Chants, colère et arrestations
Dans le ciel, le soleil brille de plus belle, même si la température est encore supportable. On en est là lorsqu'un camion du Gmi arrive pour se garer près les locaux du Lion's club situé à quelques pas du lieu des manifestations. Déversant une vingtaine de policiers casqués qui rejoint le contingent de la même taille présent depuis les aurores. Ils sont tous armés de matraques. Déjà, les manifestants ont pris place sur la route pentue qui passe devant l'Acdic. On entend des chants dont les paroles sont inintelligibles de loin. Une fanfare s'emploie pendant que les pancartes sont brandies. Il est 10h 20 et l'on craint déjà le pire. Tant des invectives et de petites échauffourées sont en train de naître entre les manifestants et les policiers. La colère monte. Les agents du Gmi s'avancent vers la foule en chants et l'irréparable survient.
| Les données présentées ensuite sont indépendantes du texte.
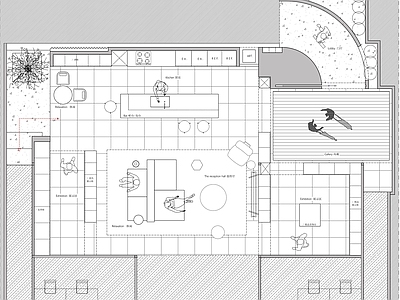 其他工装空间 100㎡木作展厅 展厅空间 平面布置图 施工图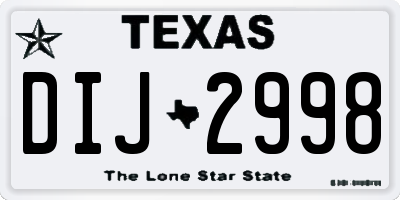 TX license plate DIJ2998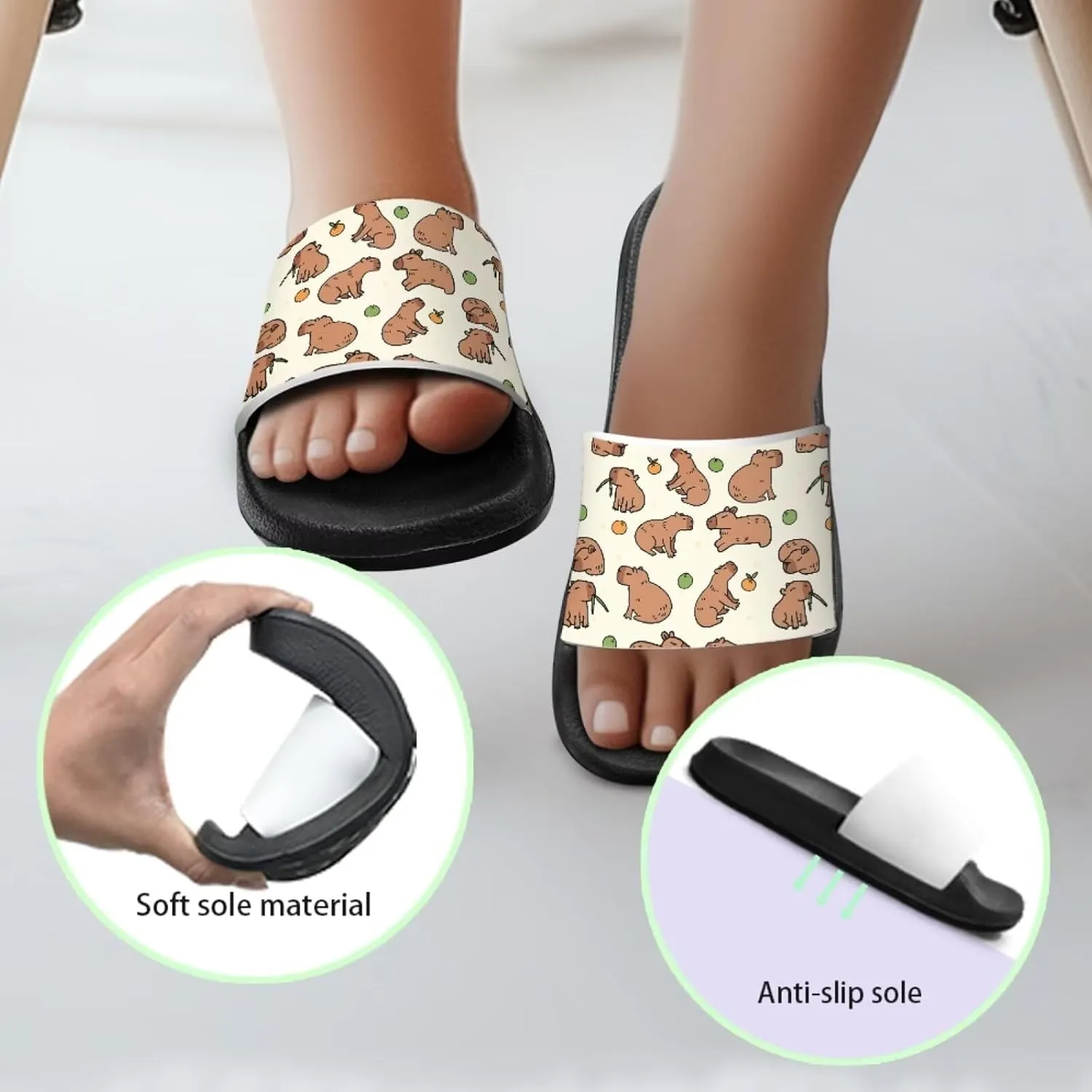 Animal Pattern Sandals House Slides Children's Cozy Pillow Slippers Soft Non-Slip for Beach Pool Bathroom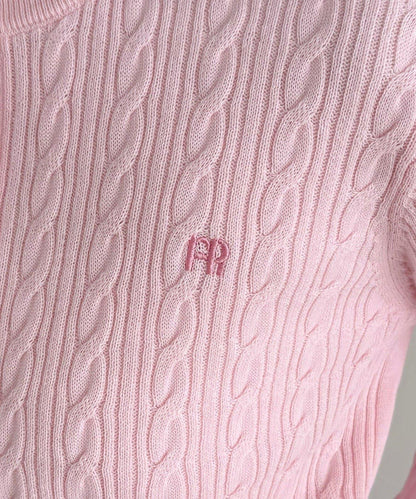 FR刺繡麻花紋針織開衫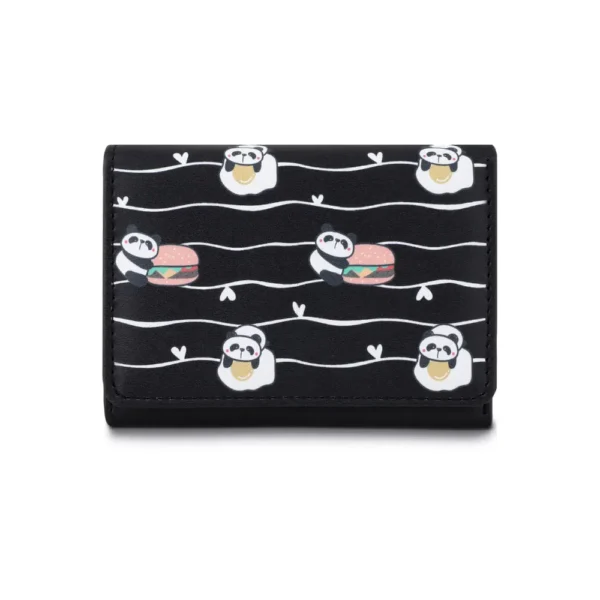 WPBGWC000196 Cute Panda and Food Mini Wallet Short Card Holder Coin Purse Black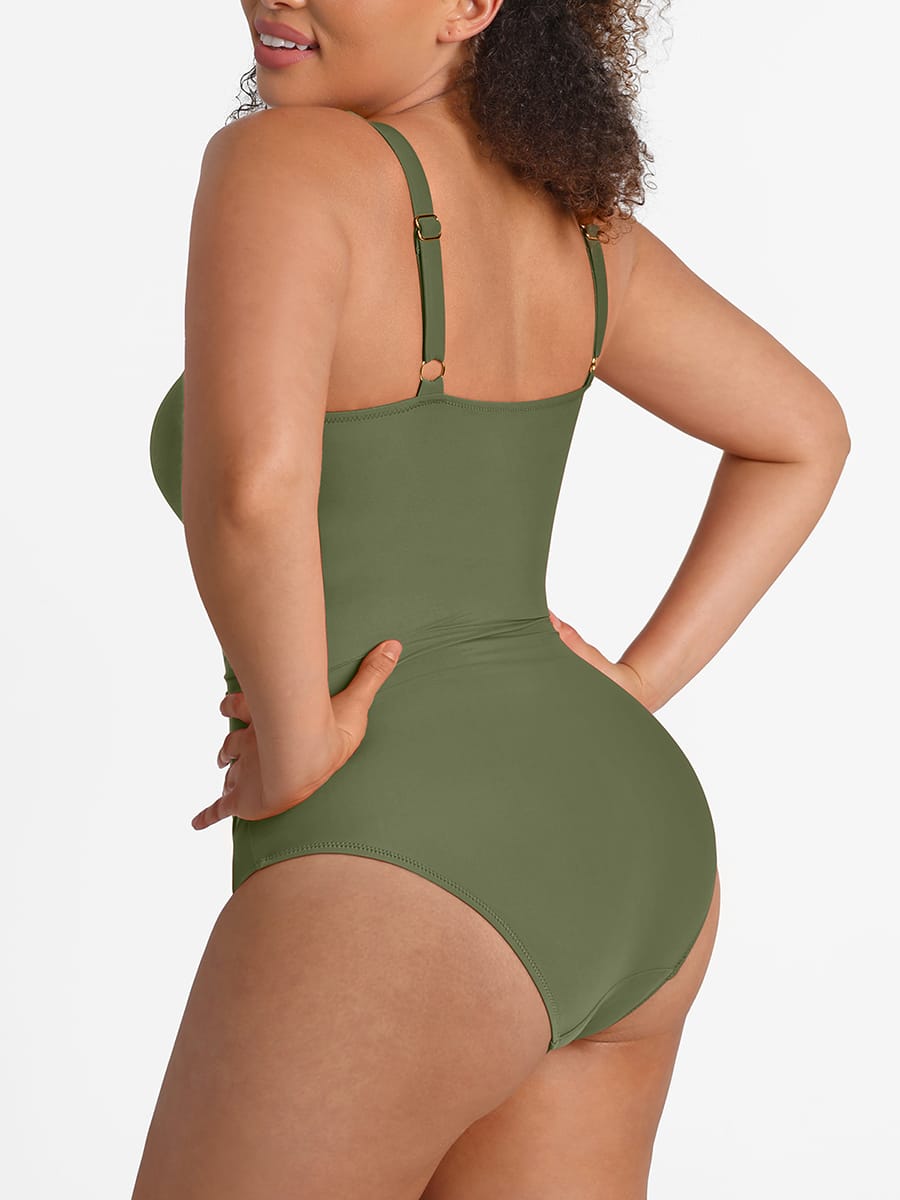 Ruched Deep V Shaping Swimsuit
Echanges de parole entre les deux camps et une rixe naît. Bernard Njonga est pris à partie et à la ceinture par les policiers qui le traînent vers leur camion. En descendant, deux, peut-être trois, policiers se retrouvent par terre. Le leader associatif est secoué ainsi que l'un de ses collaborateurs. La route traversée, il lui est demandé de "monter dans le camion". Déjà, d'autres collaborateurs arrivent à la hauteur de la voiture. Et dans une brutalité inqualifiable, Théophile Nono, ingénieur agronome et leader paysan basé à Bafoussam, est frappé au niveau du crâne par une matraque. Le sang lui gicle de la tête et il se renverse sur la chaussée, en proie aux douleurs qui lui arrachent des cris. Un autre leader paysan arrêté et qui a déjà pris place dans le camion connaît un sort similaire. Malgré ses plaintes en vue d'être autorisé à aller se faire soigner, Franklin Mowha venu de Baganté essuiera un échec.
Dans les minutes qui suivent, le camion se met en position départ, avec à son bord ses occupants de départ et neuf manifestants. Direction le commissariat central n°1. Dans l'espace aussi, le reste des manifestants qui chantaient bruyamment a été dispersé et s'est disséminé dans le quartier.

Les pancartes sont confisquées sans autre forme de procès. La circulation a aussi repris normalement. Mais les policiers continuent d'occuper les lieux. Au cas où… Trois quarts d'heure plus tard, Franklin Mowha sera autorisé à suivre des soins et rejoindra Théophile Nono à la "Clinique du docteur Ze Meka" en contrebas du siège de l'Acdic. Où il découvrira que son compagnon a déjà été suturé à la tête et a retrouvé ses esprits malgré les filets de sang qui lui embuent encore le visage. Il lui donnera par la même occasion les nouvelles de M. Njonga et des compagnons qui continuent d'être détenus. On apprendra tard le soir que deux autres manifestants ont été libérés. Et que M. Njonga a été enfermé avec cinq autres camarades dans une cellule du commissariat central N°1. Où ils méditent sur la conduite à tenir au cours de la visite de l’ambassadeur des Etats-Unis que des sources concordantes annoncent pour ce matin.